Set the listing down again in full, word for word, with the pictures left out.
+--
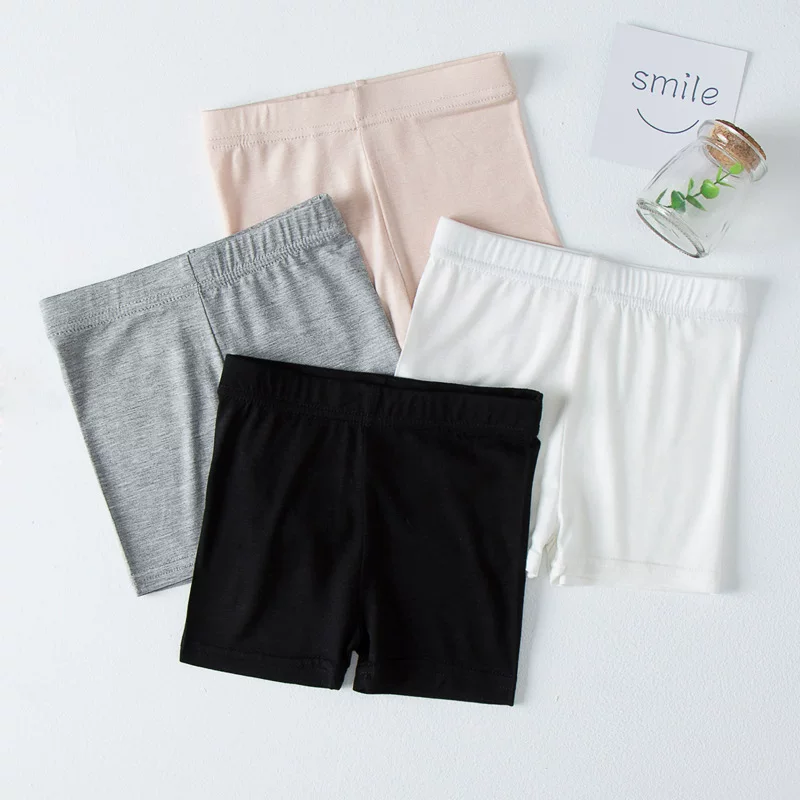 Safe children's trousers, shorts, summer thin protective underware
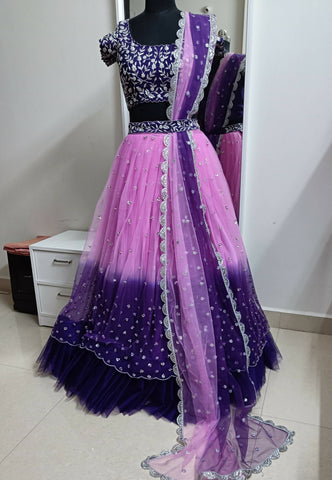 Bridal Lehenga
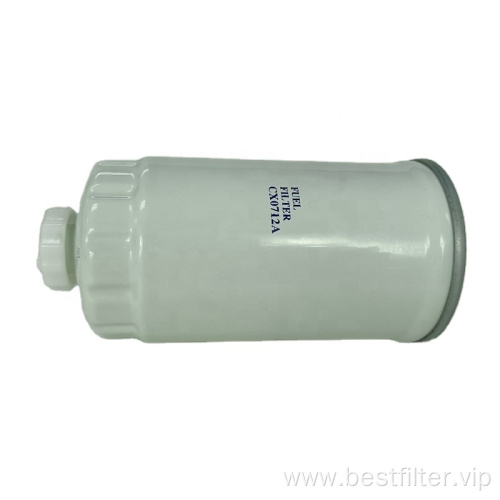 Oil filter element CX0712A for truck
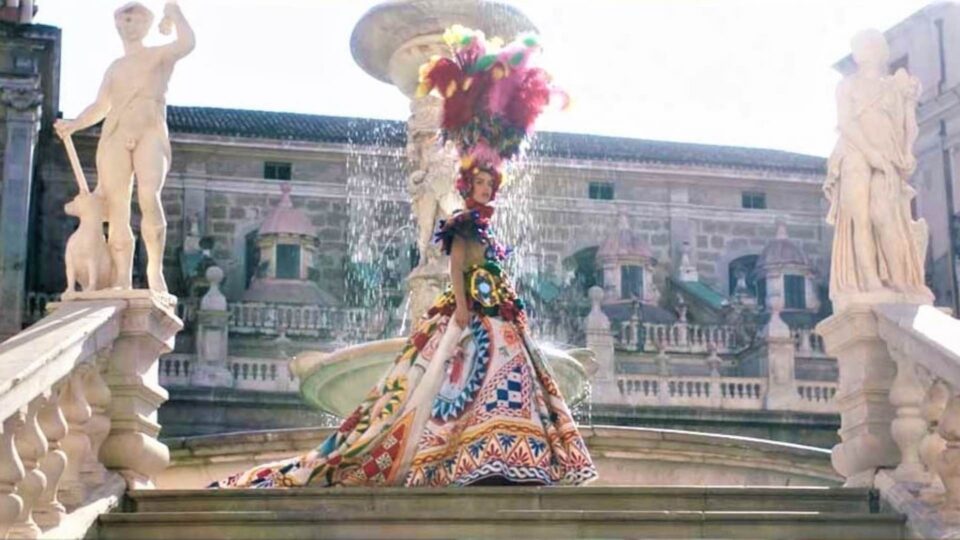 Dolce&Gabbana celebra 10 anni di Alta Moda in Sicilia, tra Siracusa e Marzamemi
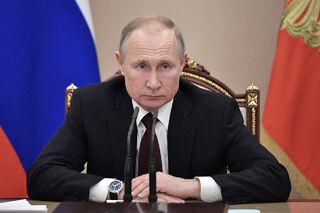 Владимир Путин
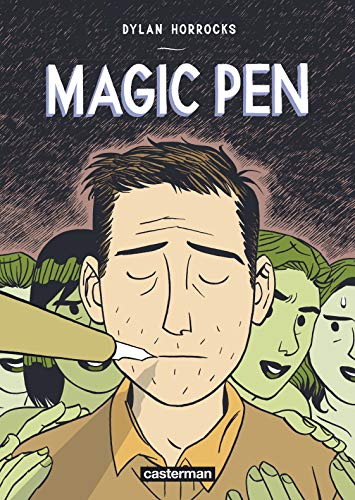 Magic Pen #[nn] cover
+--
▶ Answer to the problem:
 Safe children's trousers, shorts, summer thin protective underware
 Bridal Lehenga
 Oil filter element CX0712A for truck
 Dolce&Gabbana celebra 10 anni di Alta Moda in Sicilia, tra Siracusa e Marzamemi
 Владимир Путин
 Magic Pen #[nn] cover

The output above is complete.